We sent Timothy,who is our brother and co-worker in God’s service in spreading the gospel of Christ, to strengthen and encourage you in your faith, so that no one would be unsettled by these trials. For you know quite well that we are destined for them.
1 Thessalonians 3:2-3 (NIV)
This past week was a bit of a whirlwind for Wendy and me. It began with the unexpected death of a friend. She and her husband had been in a small group with us during a particularly turbulent time of our lives, and her death rocked our world a bit. The morning of the funeral we received news that another friend had suffered a heart attack in the night and had been flown to Des Moines for a hastily performed cardiac procedure.
We visited our friend in the hospital and were encouraged to find him alive and well. In fact, if it weren’t for the fact that we knew he’d just been through a life-threatening trauma earlier that day, I’d have told you everything was perfectly normal.
As we spoke with our friend and his wife there in the CCU she shared about their life journey and the fact that the two of them had just entered a particularly enjoyable stretch. Retirement, time together, and the opportunity to enjoy large parts of each day in conversation and shared activity had been brining them both tremendous joy. She told us of her emotions and prayers the previous night as she faced the potential reality that it might be coming to a tragic end.
I thought about these two experiences, with two very different outcomes, as I read today’s chapter in Paul’s letter to believers in Thessalonica. Paul fled the city when his life was threatened. He knew that the fledgling believers he left behind continued to face opposition and persecution. Paul was worried about them, which was why he sent his protege, Timothy, to check on them, and why he was writing them this letter after Timothy’s return and report. Addressing the trials they were facing, Paul states quite bluntly: “You know quite well we are destined for them.”
Along my faith journey I’ve observed many who seem to have approached their life and/or faith journey with the expectation that it should always be a cake walk. In the quiet this morning I’m pondering the various reasons we might come to that conclusion. Is it somehow that the “prosperity gospel” that falsely teaches God wants us all to be “healthy, wealthy, and wise” has permeated our culture more than we care to admit? Is it somehow, for those of us living in America, some kind of bleeding over of the American Dream into our faith? Why is it that I am shocked and feel somehow cheated when life’s road unexpectedly becomes rough terrain?

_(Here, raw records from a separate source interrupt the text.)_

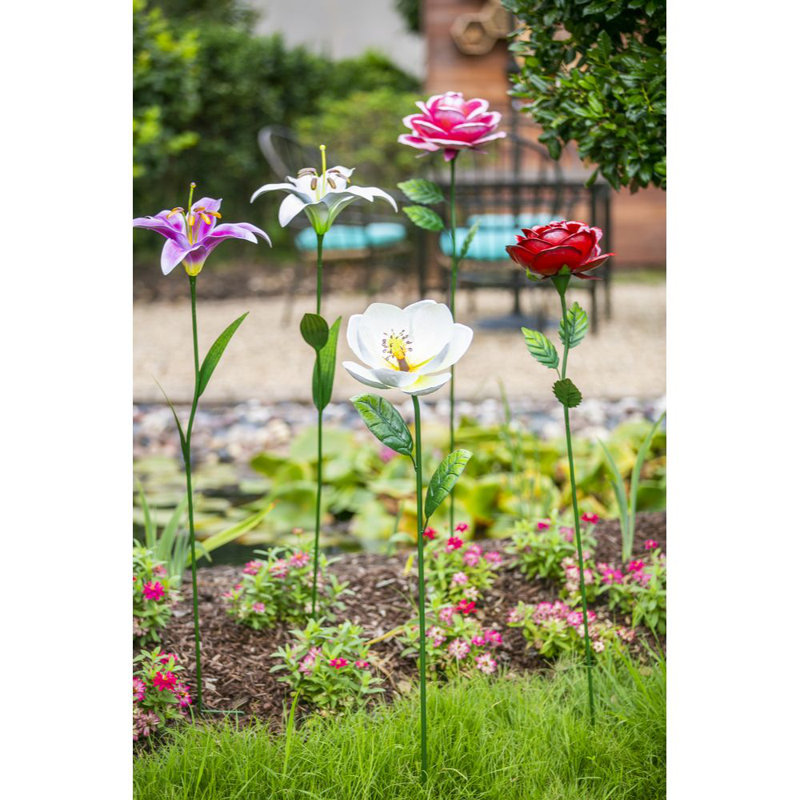 Grand magnolia de jardin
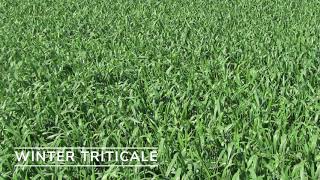 Winter Triticale [upl. by Ame363]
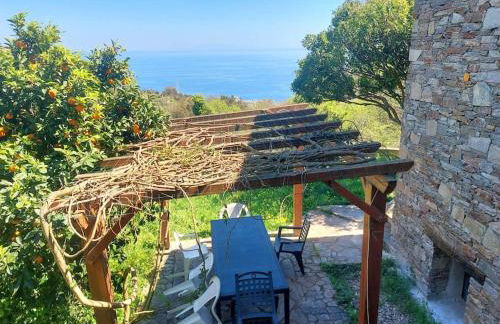 Studio terrasse climatisé VUE MER avec parking - Foto 18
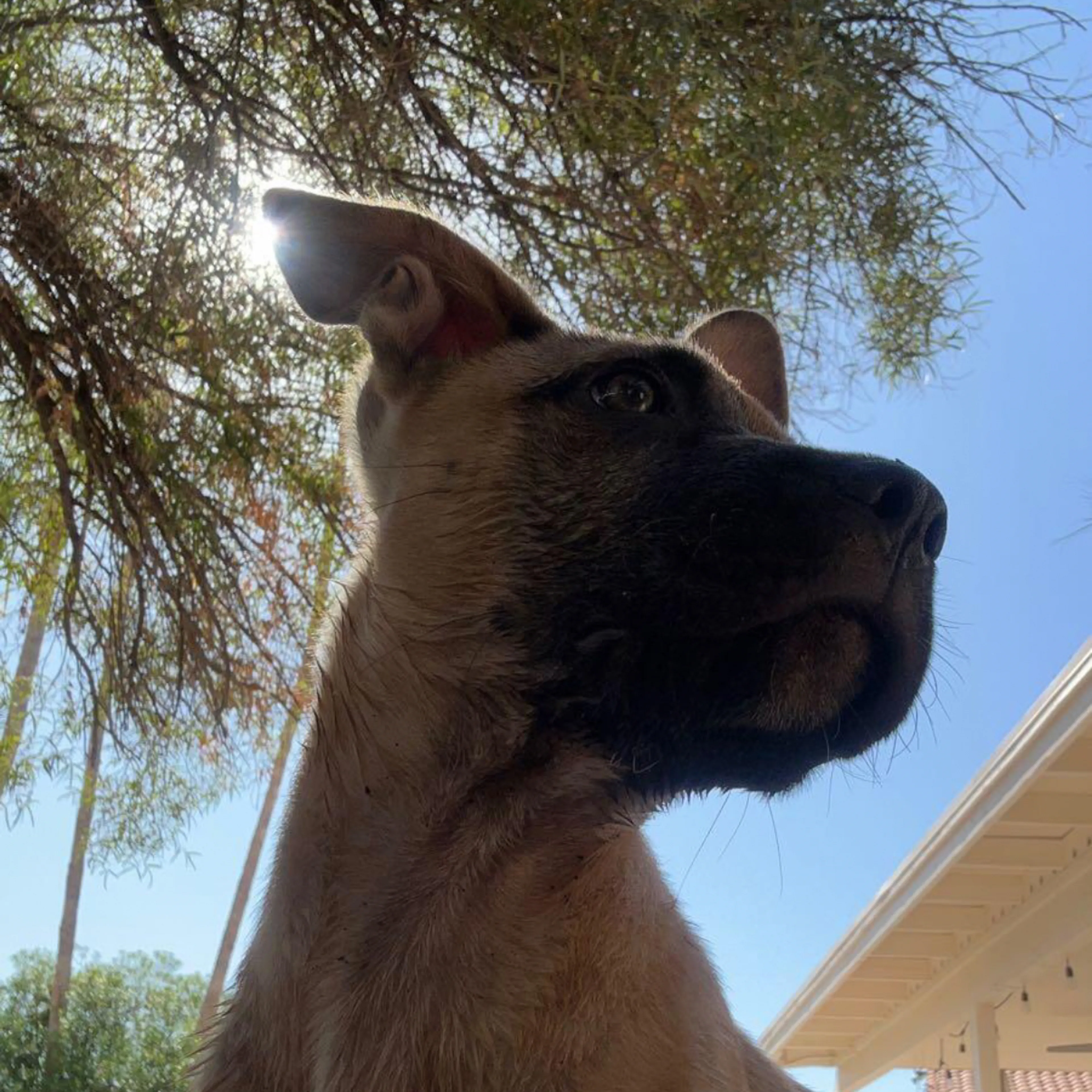 Lost pet-3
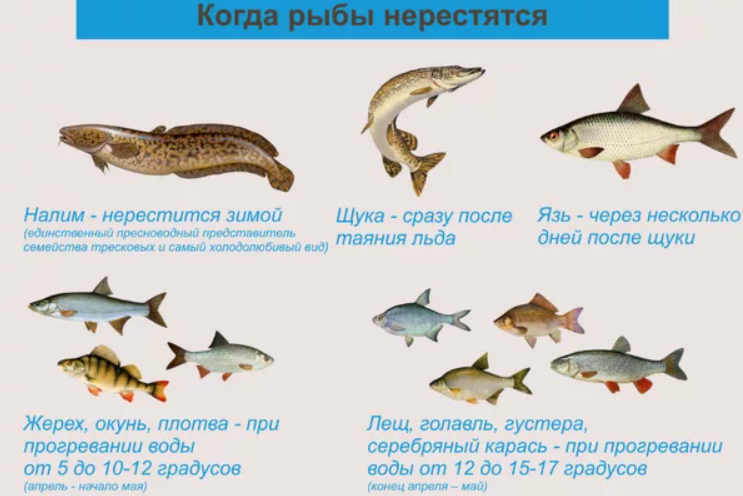Нерестовый запрет в Московской области в 2023 году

My journey through God’s Message has taught me that I should expect rough terrain on life’s road. All of the early father’s of the faith said so. Here’s just a small sample of reminders:
“In this world you will have trouble. But take heart! I have overcome the world.” (Mt 10:16)
“We glory in our sufferings.” (Rom 3:5)
“Consider it pure joy when you encounter various trials….” (Jam 1:2)
“…rejoice, though now for a little while you may have had to suffer grief in all kinds of trials.” (1 Pet 1:6)
I find myself looking back this morning at Wendy’s and my journey over the past 13 years. Like our friend we visited in the hospital we’ve recently been experiencing a sense that we’re coming out of a valley and into a stretch of smoother terrain. It’s a good feeling, and we’re enjoying the lift. Nevertheless, this past week has been a reminder that I can never know what’s waiting for us up ahead.
As I start this week I’m reminded that with each warning of trouble, suffering, trials, and grief, Jesus and the early followers connected the inevitable hard stretches of life’s journey to heart, overcoming, glory, joy, and rejoicing. This journey will include both good times and unexpected bad times. It’s a natural part of the journey. Paul told the Thessalonians believers “we’re destined for them.” I shouldn’t be thrown for a loop when they happen as though I hadn’t been warned that they will come, or like I hadn’t observed that everyone I know experiences tough stretches along the way. There’s always purpose in the pain.
It’s the trials and the overcoming that make our favorite stories “epic.”
Have a great week my friend.
2 thoughts on “Destined for Tough Terrain”
I am learning as the days go by that suffering with Christ is a reality that Paul seemed to embrace. I’ve tried to read over the verses of suffering. I suppose if I dont hear it, it won’t have to speak to my heart. But lately I’ve come to realize that is a part of being a believer. Of course Jesus encourages us and says, ” Be of good cheer, for I have overcome the world,” after he warned us of the many tribulations. As believers, though we are to rest in him, we will forever be in the war of good and evil in this world. I guess it comes down to being so tight and one with Jesus that our eyes are forever on him in trust. Ultimately our home is not of this world. Thanks for the post. And I’m grateful your friend is doing fine. God bless.
Thanks for the comment, Beth.I think your observations are spot-on!